Me, Myself, and AI: The Situational Awareness Dataset (SAD) for LLMs

Laine, Rudolf; Chughtai, Bilal; Betley, Jan; Hariharan, Kaivalya; Scheurer, Jeremy; Balesni, Mikita; Hobbhahn, Marius; Meinke, Alexander; Evans, Owain

Abstract:AI assistants such as ChatGPT are trained to respond to users by saying, "I am a large language model". This raises questions. Do such models know that they are LLMs and reliably act on this knowledge? Are they aware of their current circumstances, such as being deployed to the public? We refer to a model's knowledge of itself and its circumstances as situational awareness. To quantify situational awareness in LLMs, we introduce a range of behavioral tests, based on question answering and instruction following. These tests form the $\textbf{Situational Awareness Dataset (SAD)}$, a benchmark comprising 7 task categories and over 13,000 questions. The benchmark tests numerous abilities, including the capacity of LLMs to (i) recognize their own generated text, (ii) predict their own behavior, (iii) determine whether a prompt is from internal evaluation or real-world deployment, and (iv) follow instructions that depend on self-knowledge.
We evaluate 16 LLMs on SAD, including both base (pretrained) and chat models.

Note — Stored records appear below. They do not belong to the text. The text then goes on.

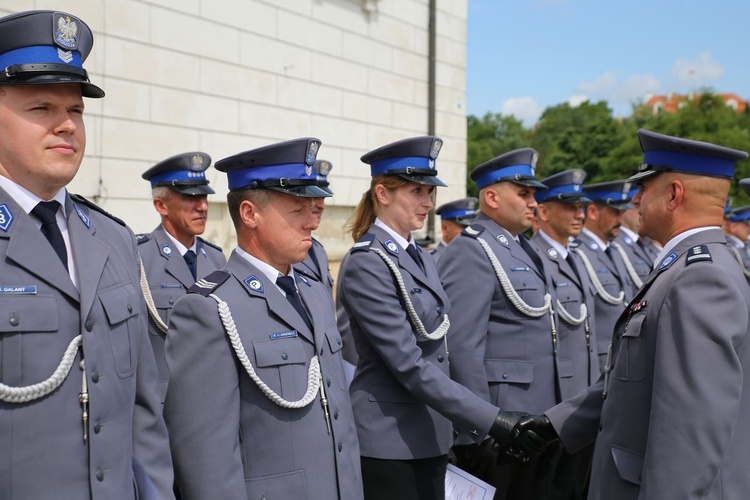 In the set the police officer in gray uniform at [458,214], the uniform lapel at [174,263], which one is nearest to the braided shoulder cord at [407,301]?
the uniform lapel at [174,263]

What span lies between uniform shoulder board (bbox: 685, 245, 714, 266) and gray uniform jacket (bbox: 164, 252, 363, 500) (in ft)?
4.35

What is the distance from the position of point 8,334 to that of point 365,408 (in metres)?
2.01

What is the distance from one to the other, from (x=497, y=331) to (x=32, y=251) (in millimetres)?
2805

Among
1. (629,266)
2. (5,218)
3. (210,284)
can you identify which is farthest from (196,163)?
(629,266)

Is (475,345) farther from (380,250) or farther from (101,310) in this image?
(101,310)

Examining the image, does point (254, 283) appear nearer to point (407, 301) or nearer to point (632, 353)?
point (407, 301)

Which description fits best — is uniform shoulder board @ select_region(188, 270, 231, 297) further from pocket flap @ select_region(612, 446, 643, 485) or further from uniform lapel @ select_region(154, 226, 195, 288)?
uniform lapel @ select_region(154, 226, 195, 288)

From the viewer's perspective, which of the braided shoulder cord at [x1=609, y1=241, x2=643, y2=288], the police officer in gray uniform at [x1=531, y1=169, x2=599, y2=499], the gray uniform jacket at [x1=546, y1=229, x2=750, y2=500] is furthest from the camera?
the braided shoulder cord at [x1=609, y1=241, x2=643, y2=288]

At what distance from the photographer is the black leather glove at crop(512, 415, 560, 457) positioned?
11.3 feet

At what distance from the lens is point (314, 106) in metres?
10.4

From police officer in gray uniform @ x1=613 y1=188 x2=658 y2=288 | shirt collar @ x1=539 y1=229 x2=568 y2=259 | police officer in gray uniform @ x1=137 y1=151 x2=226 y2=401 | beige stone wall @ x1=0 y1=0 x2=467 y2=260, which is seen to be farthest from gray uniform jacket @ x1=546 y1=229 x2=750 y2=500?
beige stone wall @ x1=0 y1=0 x2=467 y2=260

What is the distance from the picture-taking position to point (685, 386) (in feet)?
7.73

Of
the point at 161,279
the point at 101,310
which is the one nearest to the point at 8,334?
the point at 101,310

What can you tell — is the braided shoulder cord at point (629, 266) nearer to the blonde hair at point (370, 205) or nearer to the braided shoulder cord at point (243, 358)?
the blonde hair at point (370, 205) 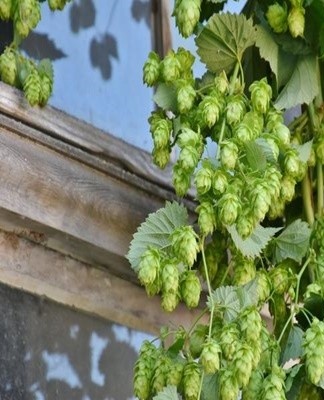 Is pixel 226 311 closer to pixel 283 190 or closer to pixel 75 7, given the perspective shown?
pixel 283 190

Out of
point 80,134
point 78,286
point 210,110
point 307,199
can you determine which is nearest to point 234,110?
point 210,110

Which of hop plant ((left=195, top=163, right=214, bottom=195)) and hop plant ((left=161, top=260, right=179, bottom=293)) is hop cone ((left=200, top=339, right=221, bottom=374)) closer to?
hop plant ((left=161, top=260, right=179, bottom=293))

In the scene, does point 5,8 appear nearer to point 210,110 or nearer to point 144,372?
point 210,110

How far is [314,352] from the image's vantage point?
184 cm

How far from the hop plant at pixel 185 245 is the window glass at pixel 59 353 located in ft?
1.38

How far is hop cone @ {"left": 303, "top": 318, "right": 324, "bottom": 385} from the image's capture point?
1.83 meters

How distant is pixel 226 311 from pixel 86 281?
1.57 ft

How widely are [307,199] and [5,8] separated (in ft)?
1.84

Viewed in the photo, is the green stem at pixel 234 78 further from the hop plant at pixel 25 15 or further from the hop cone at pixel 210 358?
the hop cone at pixel 210 358

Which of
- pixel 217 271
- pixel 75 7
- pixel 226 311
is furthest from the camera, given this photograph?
pixel 75 7

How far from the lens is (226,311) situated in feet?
6.31

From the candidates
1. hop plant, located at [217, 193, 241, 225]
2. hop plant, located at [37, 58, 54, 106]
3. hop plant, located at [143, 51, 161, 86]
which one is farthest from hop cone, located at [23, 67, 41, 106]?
hop plant, located at [217, 193, 241, 225]

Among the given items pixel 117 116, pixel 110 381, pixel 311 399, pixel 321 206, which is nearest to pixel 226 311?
pixel 311 399

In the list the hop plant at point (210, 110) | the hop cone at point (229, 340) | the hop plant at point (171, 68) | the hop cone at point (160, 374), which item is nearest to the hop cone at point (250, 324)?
the hop cone at point (229, 340) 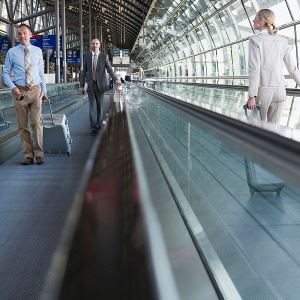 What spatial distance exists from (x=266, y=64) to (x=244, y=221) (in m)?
3.19

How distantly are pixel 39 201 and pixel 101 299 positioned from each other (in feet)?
14.8

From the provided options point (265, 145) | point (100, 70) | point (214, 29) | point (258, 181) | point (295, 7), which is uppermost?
point (214, 29)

While all models perform better than chance, even the highest-scoring model (Claude 3 Opus) is far from a human baseline on certain tasks. We also observe that performance on SAD is only partially predicted by metrics of general knowledge (e.g. MMLU). Chat models, which are finetuned to serve as AI assistants, outperform their corresponding base models on SAD but not on general knowledge tasks. The purpose of SAD is to facilitate scientific understanding of situational awareness in LLMs by breaking it down into quantitative abilities. Situational awareness is important because it enhances a model's capacity for autonomous planning and action. While this has potential benefits for automation, it also introduces novel risks related to AI safety and control. Code and latest results available at this https URL .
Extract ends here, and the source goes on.